Most important, the document confirmed the suspicions of separatists that the Valley subsidizes the rest of Los Angeles. The subsidy this year, the study found, totals $123 million.

Both the report and its author, the Local Agency Formation Commission, or LAFCO, were quickly attacked by secession foes.

“LAFCO is a very prejudiced source,” said Mayor Richard Riordan said. “LAFCO is very political. It’s made up of people who have axes to grind, who support the secession. I come back to the moral issue. I think it is just downright immoral to abandon the poor people of this city.”

Advertisement

Secessionists, who have sought independence for decades, hailed what they found useful in the report.

“What we are learning is that the Valley has been shortchanged for years,” said former Assemblyman Richard Katz, a board member of the Valley VOTE secession group.

“I feel taken,” said J. Richard Leyner, chairman of the United Chambers of Commerce of the San Fernando Valley.

The study also offered a richly detailed blueprint for breaking apart Los Angeles.

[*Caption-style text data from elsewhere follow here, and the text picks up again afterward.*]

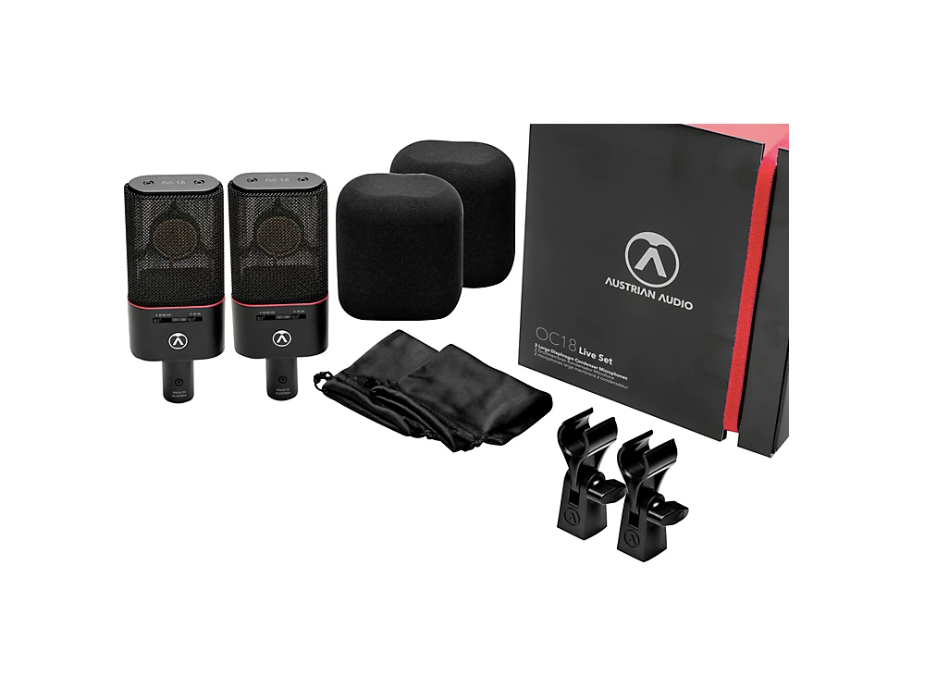 Pair of Professional Condenser Microphones Austrian Audio OC18 Live Set cardioid pattern (2 units) - black 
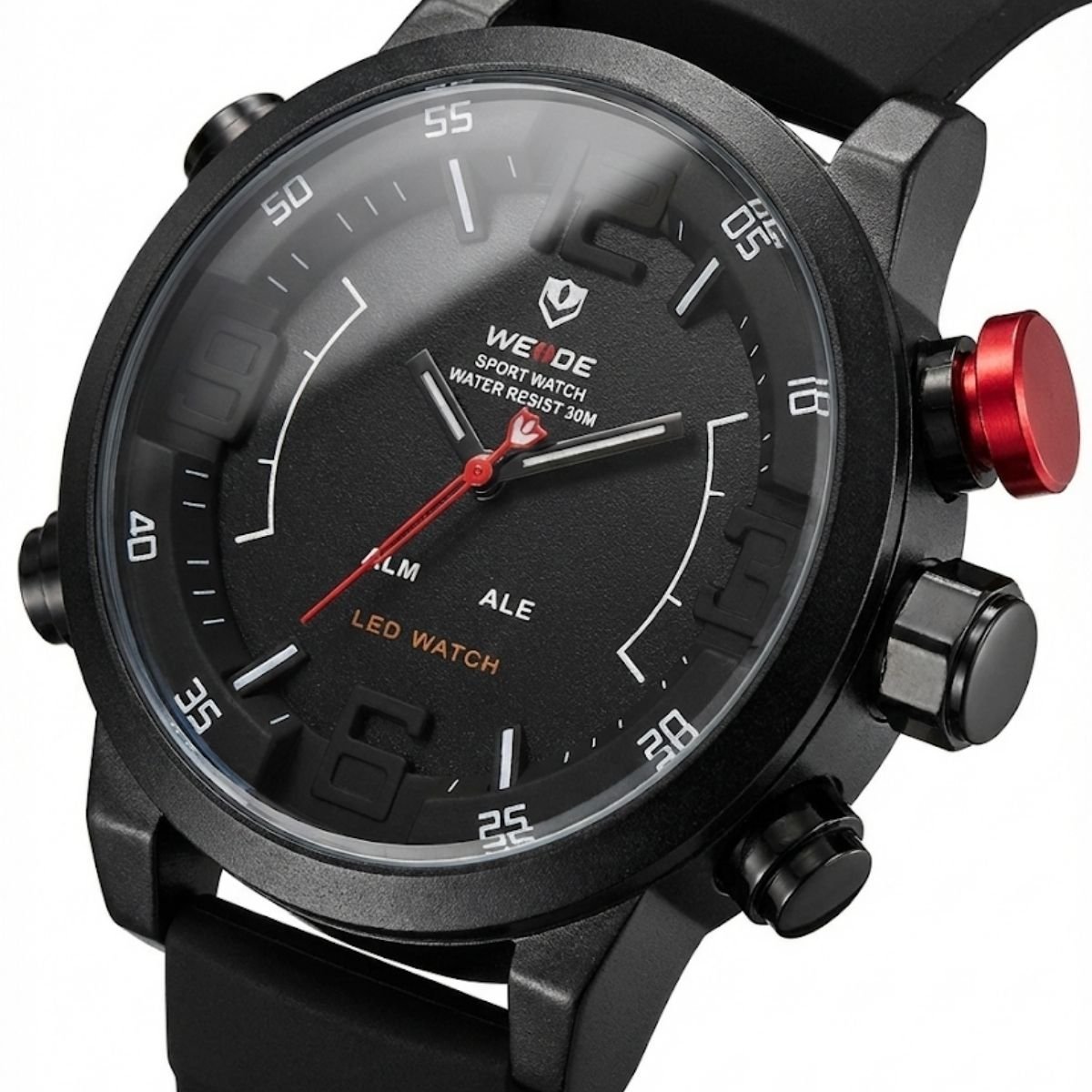 Relógio Masculino Weide Analógico WH-5210 Preto e Branco e Vermelho Preto 2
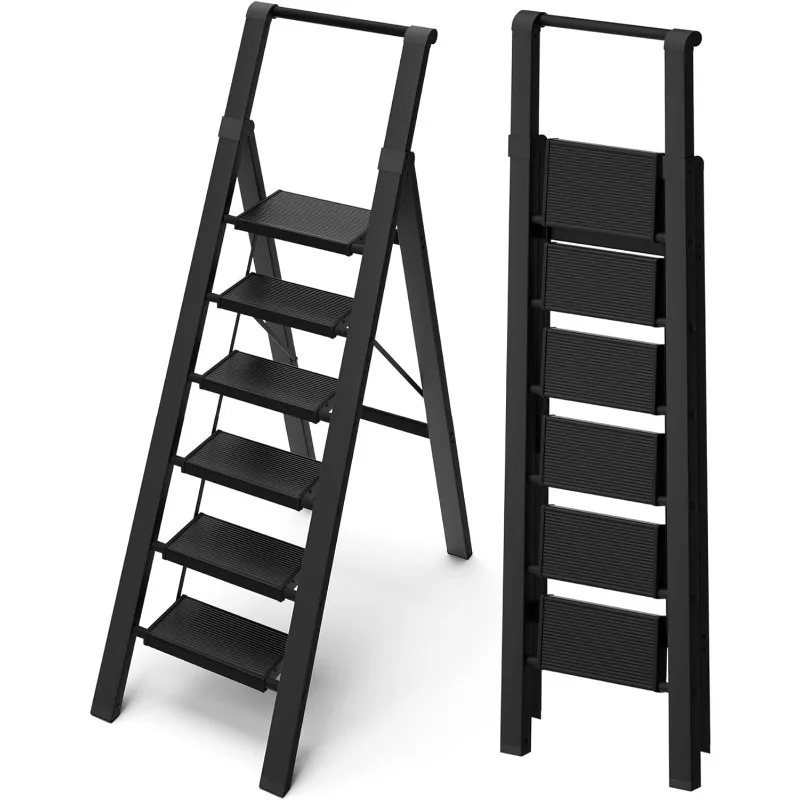 

6 Step Ladder, Lightweight Folding Step Stool with Convenient Handgrip,Aluminum 330lbs Capacity Step Ladder for Office,Household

It allocated parks, libraries and police stations the way a divorce judge would split a couple’s household assets.

The Valley, for instance, would get two of the six helicopters used by the Fire Department for water dropping, ambulance flights and earthquake reconnaissance.

But after 86 years as the northern region of Los Angeles, the Valley is so tightly entwined with the rest of the city that it would have to rely on Los Angeles to run its water, power, sewer, computer, pension and 911 emergency dispatch systems, the study concluded.

Advertisement

Backbone of a Secession Proposal

The report, triggered by petitions signed two years ago by 202,000 Valley voters, will be the backbone of a secession proposal that could go before voters in November 2002.

Its central finding--that a Valley city is fiscally viable--makes an election more likely than ever.

“It would appear that, at this point in time, they have an opportunity to be successful if they wish to secede,” said Henri F. Pellissier, chairman of LAFCO, which will decide whether to call an election. “I think that’s what the bottom line is--that there’s enough money there for them to do it.”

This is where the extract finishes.